[RECORDED DATA]
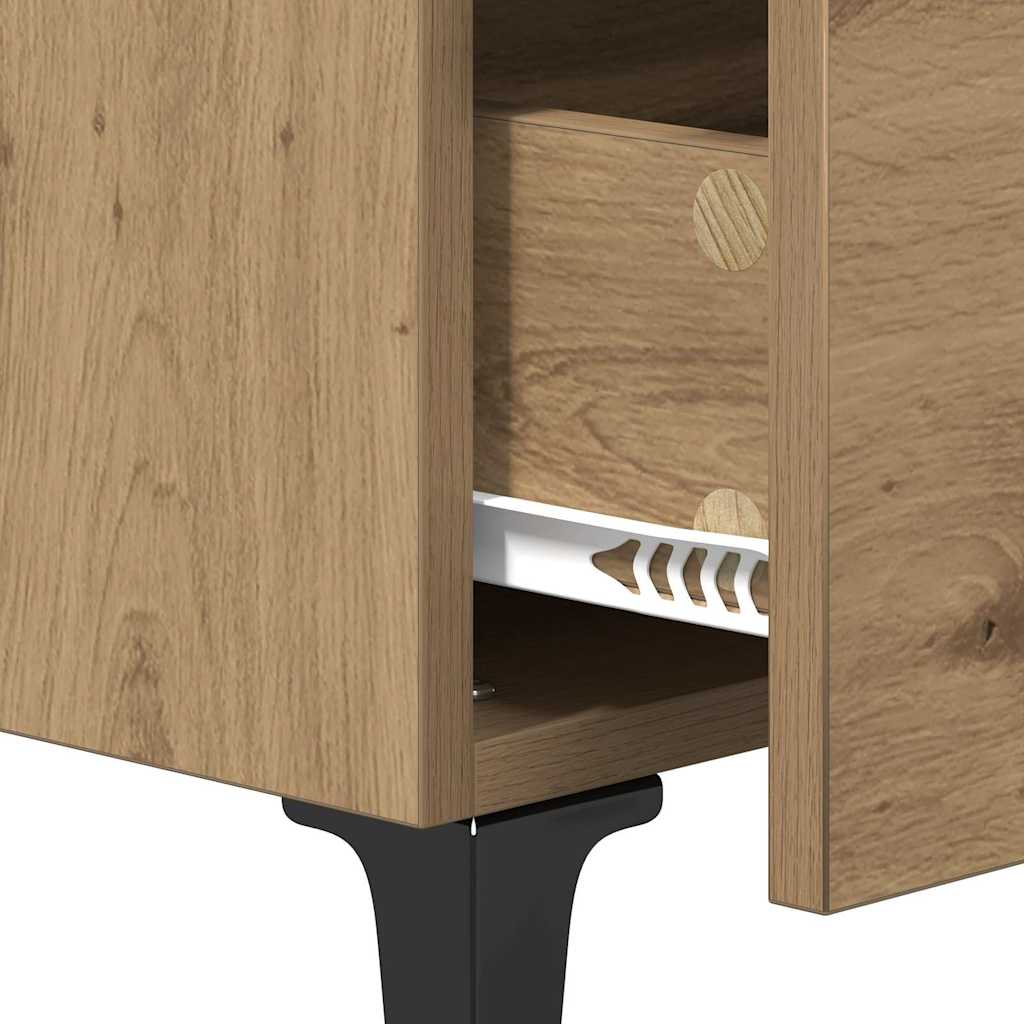 Bettschrank Artisan-Eiche 40 x 35 x 47,5 cm Holzwerkstoff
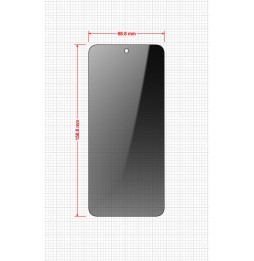 Sekretne szkło hybrydowe do Motorola Moto G34 prywatyzujące Grizz SecretGlass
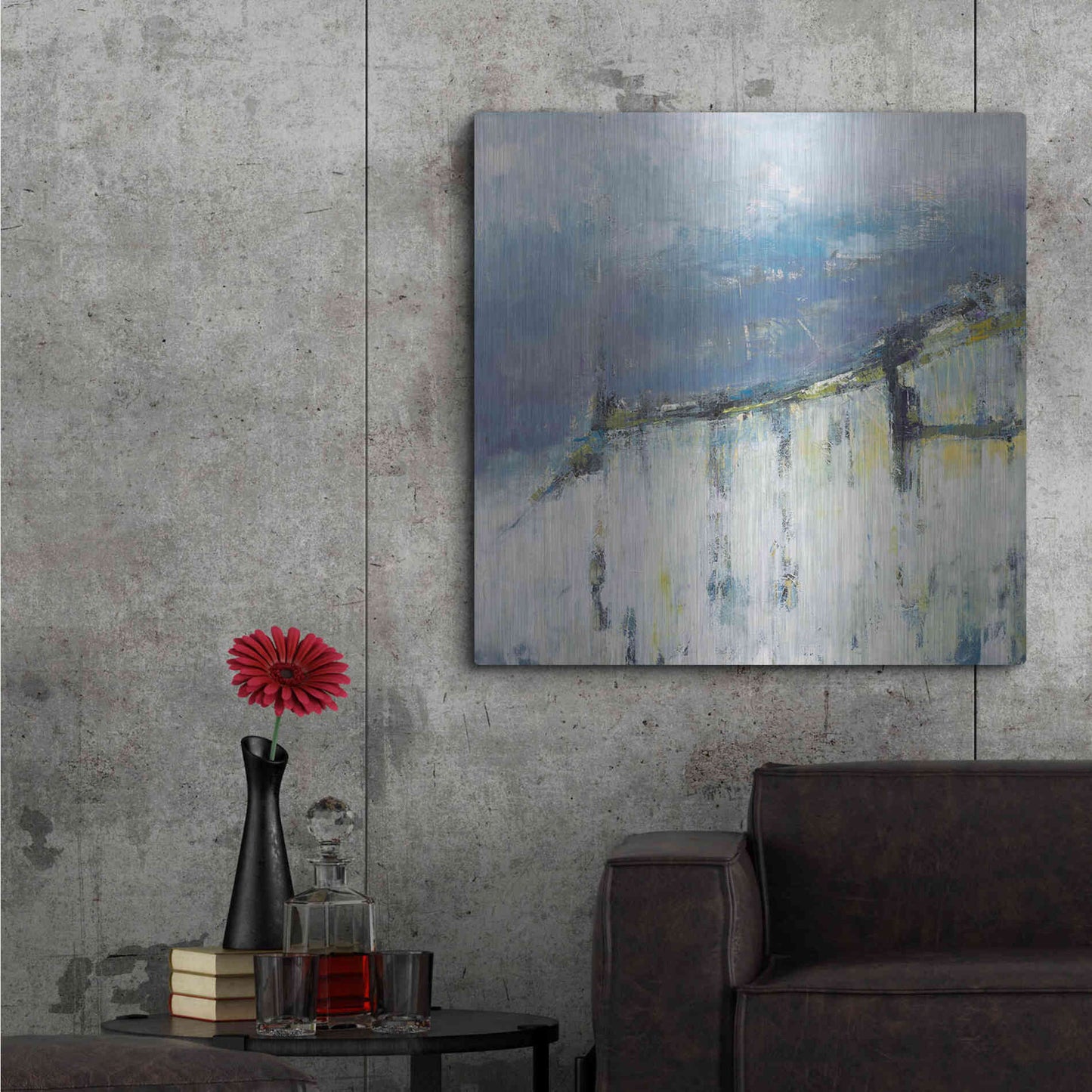 Luxe Metal Art 'Camarillo' by Patrick Dennis, Metal Wall Art,36x36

[TASK TO COMPLETE] Retype the listing exactly. Leave the pictures out.

[OUTPUT FOR THIS TASK]
 Bettschrank Artisan-Eiche 40 x 35 x 47,5 cm Holzwerkstoff
 Sekretne szkło hybrydowe do Motorola Moto G34 prywatyzujące Grizz SecretGlass
 Luxe Metal Art 'Camarillo' by Patrick Dennis, Metal Wall Art,36x36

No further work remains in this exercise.